Em primeiro lugar, é importante deixar claro que não há nenhuma imposição formal - por parte de nenhum órgão ou instituição - para que os professores utilizem a linguagem neutra em sala de aula. Muito raramente um ou outro colega busca usar esse tipo de termo, buscando respeitar a diversidade de identidades de gênero entre os alunos, o que não é um problema. Que fique claro, esse uso, pelo que eu saiba, não é feito em provas e nem como a linguagem oficial nas salas de aula. Não há motivo de pânico.
Além disso, é necessário notar que a língua, tal qual um ser vivo, é propícia de modificações e adaptações diante do contexto. Trata-se somente de mais um tipo de variação e não uma modificação na norma padrão. A gramática ainda não reconhece esse tipo de termo, logo nenhuma instituição e nenhum profissional tem o poder de encará-lo como padrão.

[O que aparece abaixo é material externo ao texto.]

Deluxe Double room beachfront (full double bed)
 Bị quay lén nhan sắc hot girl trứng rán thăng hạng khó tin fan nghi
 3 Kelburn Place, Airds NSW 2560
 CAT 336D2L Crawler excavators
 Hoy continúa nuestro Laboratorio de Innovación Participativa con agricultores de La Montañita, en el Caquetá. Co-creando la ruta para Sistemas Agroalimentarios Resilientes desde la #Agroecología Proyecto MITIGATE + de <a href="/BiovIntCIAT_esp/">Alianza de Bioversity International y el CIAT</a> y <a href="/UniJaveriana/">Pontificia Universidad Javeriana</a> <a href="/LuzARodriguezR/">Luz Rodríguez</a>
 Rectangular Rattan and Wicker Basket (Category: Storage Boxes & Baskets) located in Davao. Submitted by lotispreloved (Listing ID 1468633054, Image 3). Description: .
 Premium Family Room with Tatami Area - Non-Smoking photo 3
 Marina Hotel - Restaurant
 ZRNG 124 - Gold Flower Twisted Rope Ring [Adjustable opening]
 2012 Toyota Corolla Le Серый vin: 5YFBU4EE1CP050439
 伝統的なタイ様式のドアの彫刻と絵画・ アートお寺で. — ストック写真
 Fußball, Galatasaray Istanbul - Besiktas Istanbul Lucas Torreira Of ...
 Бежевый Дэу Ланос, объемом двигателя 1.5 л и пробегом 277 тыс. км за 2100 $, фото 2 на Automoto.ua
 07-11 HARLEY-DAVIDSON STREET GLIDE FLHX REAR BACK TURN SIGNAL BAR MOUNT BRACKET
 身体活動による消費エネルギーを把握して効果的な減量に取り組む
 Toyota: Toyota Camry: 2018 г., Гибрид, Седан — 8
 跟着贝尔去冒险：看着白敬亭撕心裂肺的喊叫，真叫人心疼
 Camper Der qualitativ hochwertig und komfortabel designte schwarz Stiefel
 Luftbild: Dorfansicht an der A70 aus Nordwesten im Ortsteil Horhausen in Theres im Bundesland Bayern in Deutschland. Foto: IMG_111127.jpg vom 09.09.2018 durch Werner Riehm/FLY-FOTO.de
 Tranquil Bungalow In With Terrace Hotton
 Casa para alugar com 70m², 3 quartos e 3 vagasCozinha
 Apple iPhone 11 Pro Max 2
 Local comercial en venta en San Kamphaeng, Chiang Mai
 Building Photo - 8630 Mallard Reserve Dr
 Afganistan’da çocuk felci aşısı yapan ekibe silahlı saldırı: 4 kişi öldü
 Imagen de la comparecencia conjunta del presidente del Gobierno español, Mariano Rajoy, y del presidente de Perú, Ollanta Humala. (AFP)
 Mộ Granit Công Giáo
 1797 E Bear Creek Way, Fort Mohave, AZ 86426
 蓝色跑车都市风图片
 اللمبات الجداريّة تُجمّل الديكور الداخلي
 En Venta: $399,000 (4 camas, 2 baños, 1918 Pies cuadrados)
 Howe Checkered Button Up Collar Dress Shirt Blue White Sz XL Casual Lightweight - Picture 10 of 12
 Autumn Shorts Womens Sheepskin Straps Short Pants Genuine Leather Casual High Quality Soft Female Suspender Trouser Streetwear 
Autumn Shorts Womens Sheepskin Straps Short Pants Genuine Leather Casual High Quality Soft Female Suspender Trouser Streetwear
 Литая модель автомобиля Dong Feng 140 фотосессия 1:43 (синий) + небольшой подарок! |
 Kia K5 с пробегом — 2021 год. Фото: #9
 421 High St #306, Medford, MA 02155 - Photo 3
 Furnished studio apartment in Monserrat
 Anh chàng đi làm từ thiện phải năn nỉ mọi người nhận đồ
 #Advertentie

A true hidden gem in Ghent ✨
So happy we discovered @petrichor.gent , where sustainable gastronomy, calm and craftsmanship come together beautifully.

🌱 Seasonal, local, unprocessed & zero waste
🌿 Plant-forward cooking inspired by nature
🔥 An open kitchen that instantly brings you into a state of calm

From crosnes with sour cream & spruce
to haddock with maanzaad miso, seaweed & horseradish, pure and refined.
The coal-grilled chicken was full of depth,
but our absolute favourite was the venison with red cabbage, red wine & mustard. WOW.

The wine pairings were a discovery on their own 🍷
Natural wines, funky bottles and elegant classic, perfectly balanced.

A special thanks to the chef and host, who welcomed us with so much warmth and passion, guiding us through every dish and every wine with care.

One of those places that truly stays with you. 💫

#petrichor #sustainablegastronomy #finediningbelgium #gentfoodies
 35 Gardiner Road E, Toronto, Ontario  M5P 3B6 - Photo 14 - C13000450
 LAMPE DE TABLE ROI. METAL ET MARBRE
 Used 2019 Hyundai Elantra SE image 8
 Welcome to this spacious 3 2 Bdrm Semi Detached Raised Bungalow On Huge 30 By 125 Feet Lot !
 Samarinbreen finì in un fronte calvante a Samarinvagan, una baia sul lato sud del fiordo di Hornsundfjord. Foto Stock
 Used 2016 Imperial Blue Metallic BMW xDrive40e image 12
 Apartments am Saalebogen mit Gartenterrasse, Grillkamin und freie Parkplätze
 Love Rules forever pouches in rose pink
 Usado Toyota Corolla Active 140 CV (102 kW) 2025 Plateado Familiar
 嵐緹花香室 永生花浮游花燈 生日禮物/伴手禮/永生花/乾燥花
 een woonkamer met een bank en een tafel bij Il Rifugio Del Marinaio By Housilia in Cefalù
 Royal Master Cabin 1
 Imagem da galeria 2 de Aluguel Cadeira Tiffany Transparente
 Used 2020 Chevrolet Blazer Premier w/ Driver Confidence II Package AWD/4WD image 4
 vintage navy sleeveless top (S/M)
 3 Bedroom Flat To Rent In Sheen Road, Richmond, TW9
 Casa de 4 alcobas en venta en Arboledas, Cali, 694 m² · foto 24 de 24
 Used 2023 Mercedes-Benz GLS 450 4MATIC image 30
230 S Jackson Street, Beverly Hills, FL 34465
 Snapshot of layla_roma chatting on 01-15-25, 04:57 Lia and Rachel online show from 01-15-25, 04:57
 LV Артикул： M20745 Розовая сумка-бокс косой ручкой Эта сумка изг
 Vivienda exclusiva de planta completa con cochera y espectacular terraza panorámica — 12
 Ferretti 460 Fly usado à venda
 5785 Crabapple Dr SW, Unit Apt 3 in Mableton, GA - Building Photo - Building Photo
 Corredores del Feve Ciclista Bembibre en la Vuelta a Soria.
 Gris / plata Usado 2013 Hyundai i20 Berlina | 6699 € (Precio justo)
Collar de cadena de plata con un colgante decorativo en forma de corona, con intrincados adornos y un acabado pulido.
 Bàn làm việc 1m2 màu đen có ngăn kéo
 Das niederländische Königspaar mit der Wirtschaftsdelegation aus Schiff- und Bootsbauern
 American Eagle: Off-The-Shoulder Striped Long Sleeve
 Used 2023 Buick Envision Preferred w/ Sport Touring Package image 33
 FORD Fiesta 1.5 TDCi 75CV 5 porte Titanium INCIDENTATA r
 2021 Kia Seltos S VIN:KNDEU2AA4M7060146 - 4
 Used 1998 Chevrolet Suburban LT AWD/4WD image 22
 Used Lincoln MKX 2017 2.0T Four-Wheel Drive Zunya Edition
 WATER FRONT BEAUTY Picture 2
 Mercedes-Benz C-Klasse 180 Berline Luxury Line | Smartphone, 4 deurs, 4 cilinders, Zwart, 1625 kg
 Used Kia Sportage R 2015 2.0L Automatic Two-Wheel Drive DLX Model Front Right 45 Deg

A tradição ainda impera nas instituições de ensino.
Se a preocupação fosse, de fato, com a língua, os críticos não deveriam reclamar dos regionalismos, das gírias ou dos termos informais? Mas o medo não é linguístico. É uma preocupação velada com a transexualidade e a discussão sobre esse assunto em sala de aula, o que é extremamente importante para que os alunos possam se conhecer e conhecer o outro sem preconceito. Ou será que o importante mesmo é proibir o uso de uma determinada variação por medo das múltiplas identidades de gênero?
Já passou da hora de tirar determinados temas de dentro do armário ou de debaixo do tapete. Essa discussão lembra aquela história do marido que é traído pela mulher no sofá e resolve vendê-lo. Será que esse seria o melhor caminho? O ideal seria discutir sobre a identidade de gênero e a linguagem neutra nas escolas, o que talvez seja o ideal para todos, ou "todes".